Previous Distinguished Speaker Seminars:


Speaker:  Yingying Fan, University of Southern California, USA

Title:         RANK: Large-Scale Inference with Graphical Nonlinear Knockoffs

Abstract: Power and reproducibility are key to enabling refined scientific discoveries in contemporary big data applications with general high-dimensional nonlinear models. In this paper, we provide theoretical foundations on the power and robustness for the model- free knockoffs procedure introduced recently in Cand`es, Fan, Janson and Lv (2016) in high-dimensional setting when the covariate distribution is characterized by Gaussian graphical model. We establish that under mild regularity conditions, the power of the oracle knockoffs procedure with known covariate distribution in high-dimensional linear models is asymptotically one as sample size goes to infinity. When moving away from the ideal case, we suggest the modified model-free knockoffs method called graphical nonlinear knockoffs (RANK) to accommodate the unknown covariate distribution. We provide theoretical justifications on the robustness of our modified procedure by showing that the false discovery rate (FDR) is asymptotically controlled at the target level and the power is asymptotically one with the estimated covariate distribution. To the best of our knowledge, this is the first formal theoretical result on the power for the knock- offs procedure. Simulation results demonstrate that compared to existing approaches, our method performs competitively in both FDR control and power. A real data set is analyzed to further assess the performance of the suggested knockoffs procedure.

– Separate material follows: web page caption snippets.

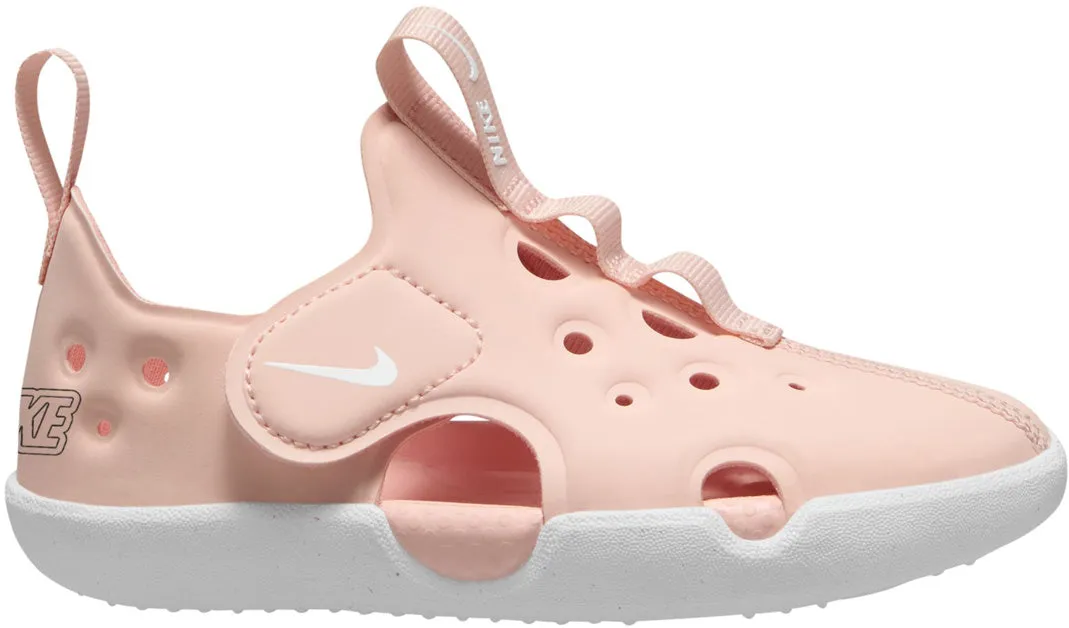 Sunray Protect 4 Baby-/Kleinkinderschuhe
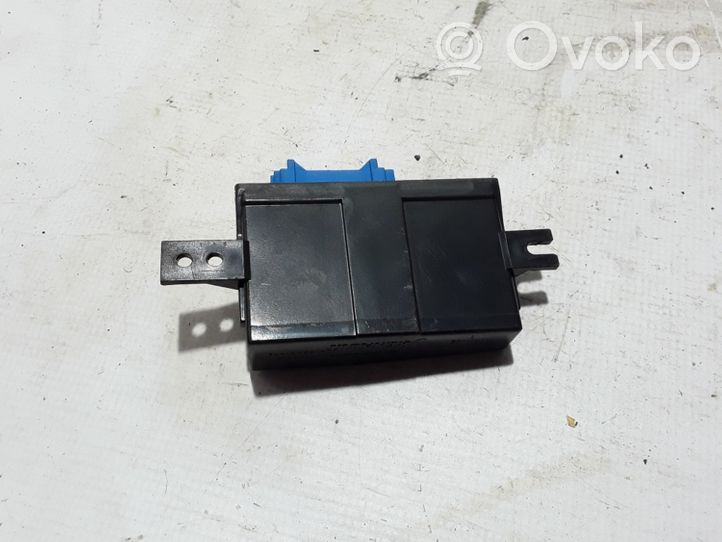 Renault Master II Other control units/modules 8200032776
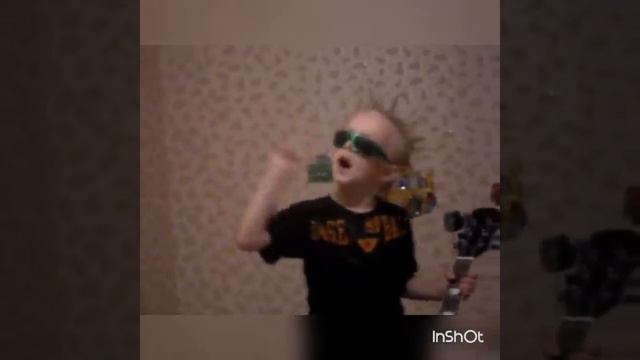 Король и Шут.Анархист смотреть онлайн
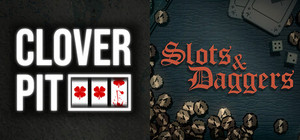 Spin to Win banner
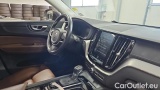  Volvo  XC60 D4 Inscription Geartronic #7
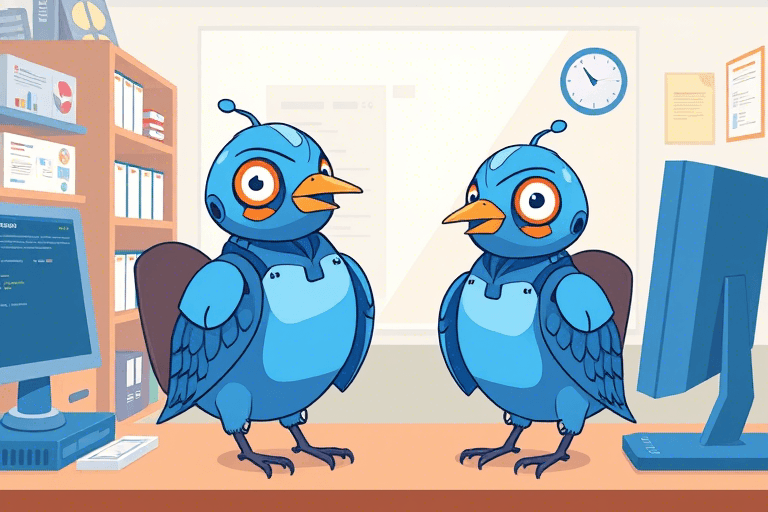 如何有效管理工程项目中的资料？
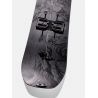 Family Tree Hometown Hero Splitboard Grafik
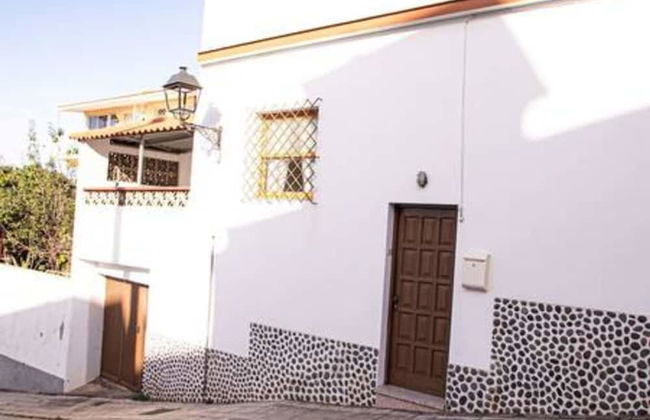 Acogedor Apartamento c Ntrico - Photo 16
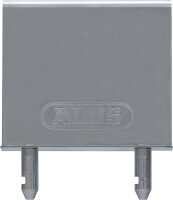 ABUS Adapter KeyGarage&trade; 777 + 797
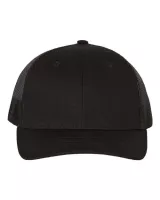 Richardson® 7-Panel Trucker Cap
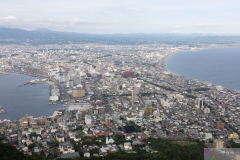 MountHakodate2024_05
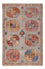 Alfombra Ziegler - Ariana - 148 x 101 cm - multicolor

Speaker:  Patricia Bouret, Centre national de la recherché scientifique (CNRS), France

Title:         Family wise separation rates for multiple testing

Abstract:  Starting from a parallel between some minimax adaptive tests of a single null hypothesis, based on aggregation approaches, and some tests of multiple hypotheses, we propose a new second kind error-related evaluation criterion, as the core of an emergent minimax theory for multiple tests. Aggregation-based tests are justified through their first kind error rate, which is controlled by the prescribed level on the one hand, and through their separation rates over various classes of alternatives, rates that are minimax on the other hand. We show that these tests can be viewed as the first steps of classical step-down multiple testing procedures, and ac-cordingly be evaluated from the multiple testing point of view also, through a control of their Family-Wise Error Rate (FWER). Conversely, many multiple testing procedures, from the historical ones of Bonferroni and Holm, to more recent ones like min-p procedures or randomized procedures, can be investigated from the minimax adaptive testing point of view. To this end, we extend the notion of separation rate to the multiple testing field, by defining the weak Family-Wise Separation Rate and its stronger counterpart, the Family-Wise Separation Rate (FWSR). As for non-parametric tests of a single null hypothesis, we prove that these new concepts allow an accurate analysis of the second kind error of a multiple testing procedure, leading to clear definitions of minimax and minimax adaptive multiple tests. Some illustrations in a classical Gaussian framework corroborate several expected results under particular conditions on the tested hypotheses, but also lead to more surprising results.This is a joint work with M. Fromont and M. Lerasle.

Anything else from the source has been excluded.